## [Action item]
Apart from the pictures, the listing is to be returned exactly.

## [Input data]
====

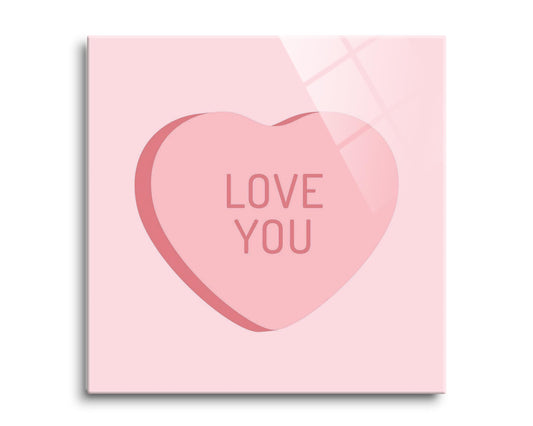 Message Hearts Love You| Hi-Def Glass Art | Eaches | Min 2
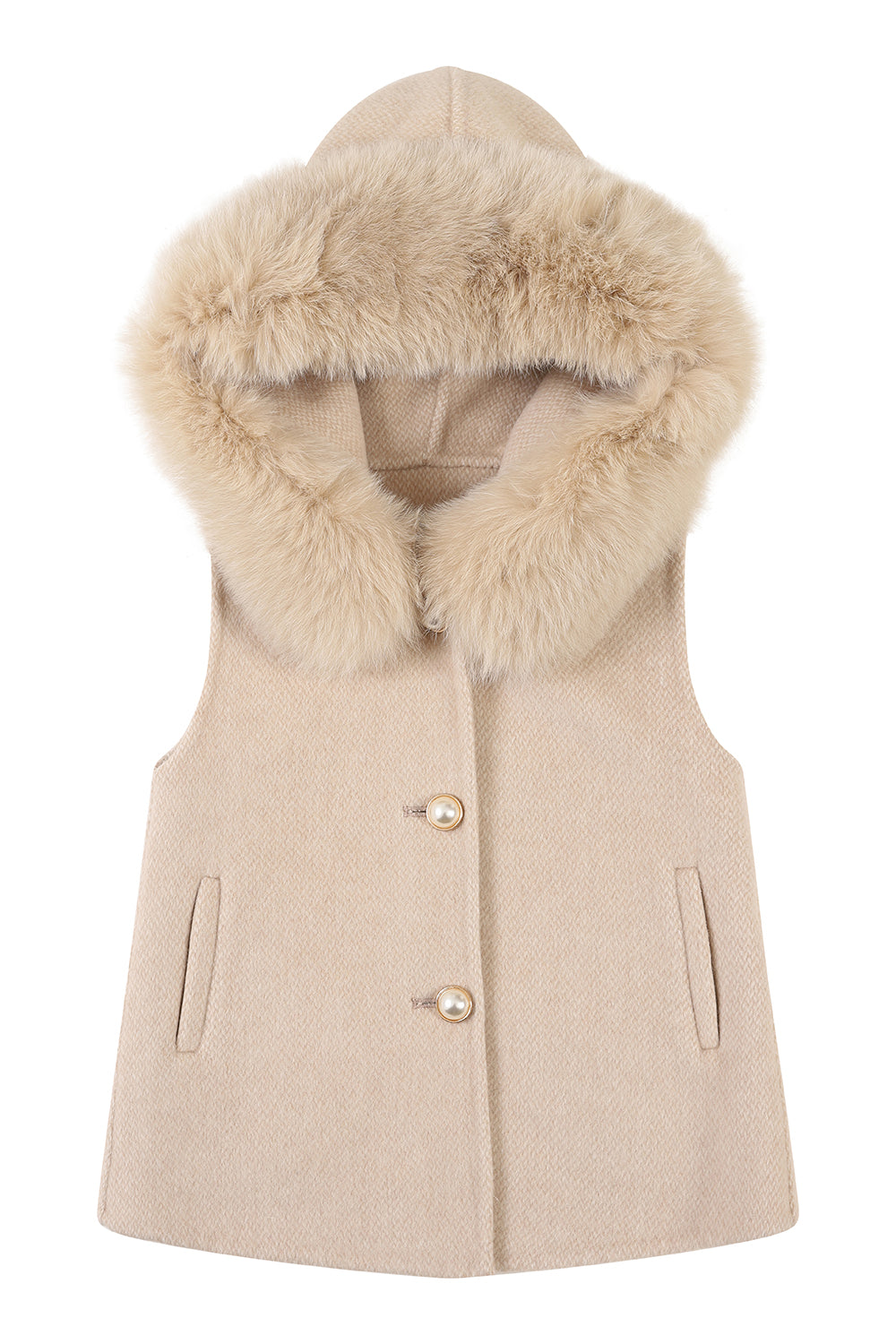 PERLA cashmere gilet vest - Nude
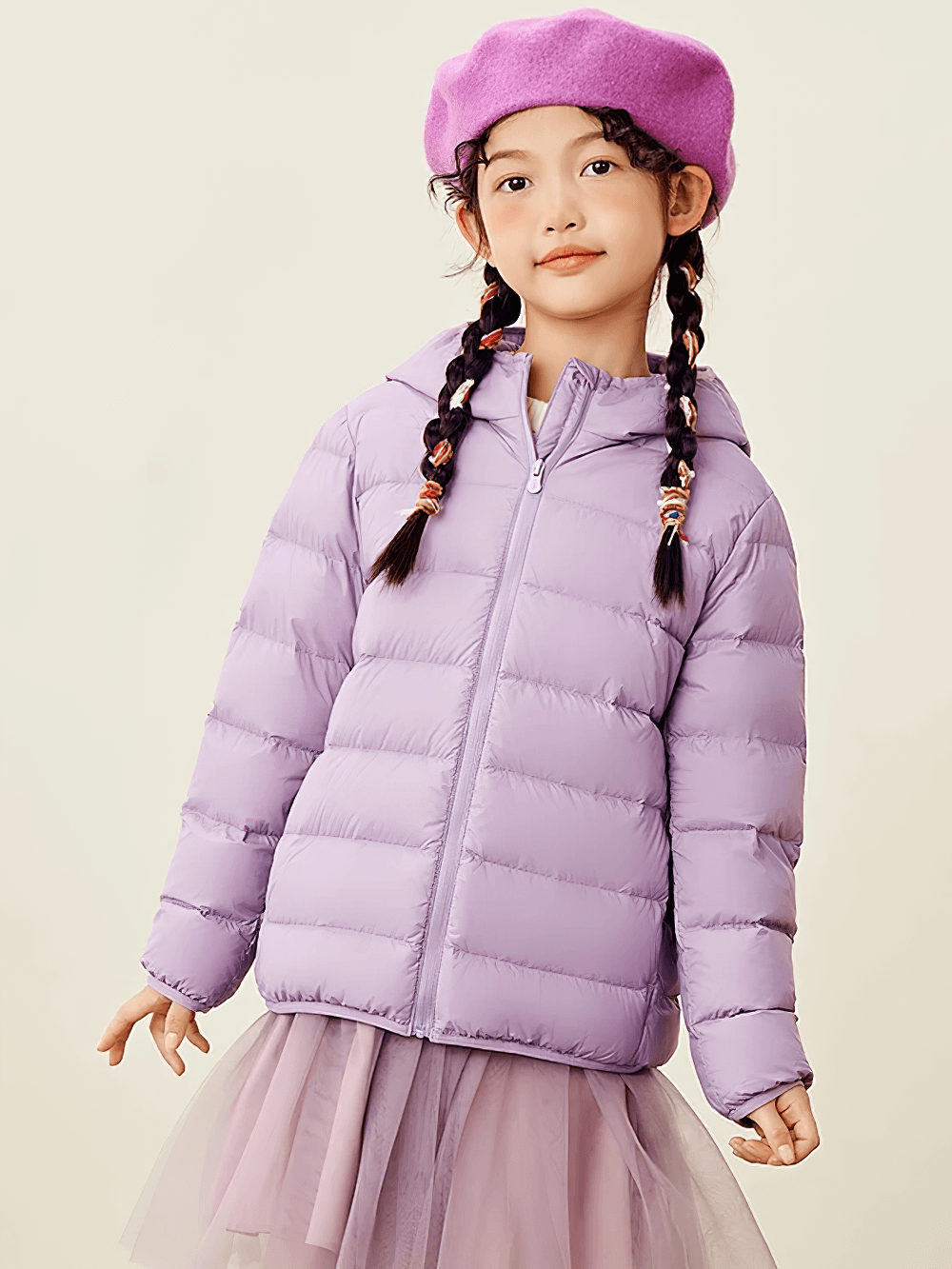 Boys and Girls Puffer Down Jacket for Cold Weather - SF3691 in pastel purple, modeled by a child with a playful expression.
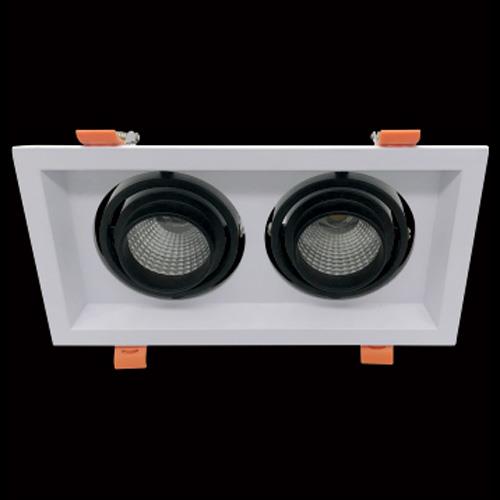 Đèn âm trần vuông chiếu điểm L210*W90*H112 - COB 9W*2, Khoét Lỗ Ø195*W95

====

## [Reply]
 Message Hearts Love You| Hi-Def Glass Art | Eaches | Min 2
 PERLA cashmere gilet vest - Nude
 Boys and Girls Puffer Down Jacket for Cold Weather - SF3691 in pastel purple, modeled by a child with a playful expression.
 Đèn âm trần vuông chiếu điểm L210*W90*H112 - COB 9W*2, Khoét Lỗ Ø195*W95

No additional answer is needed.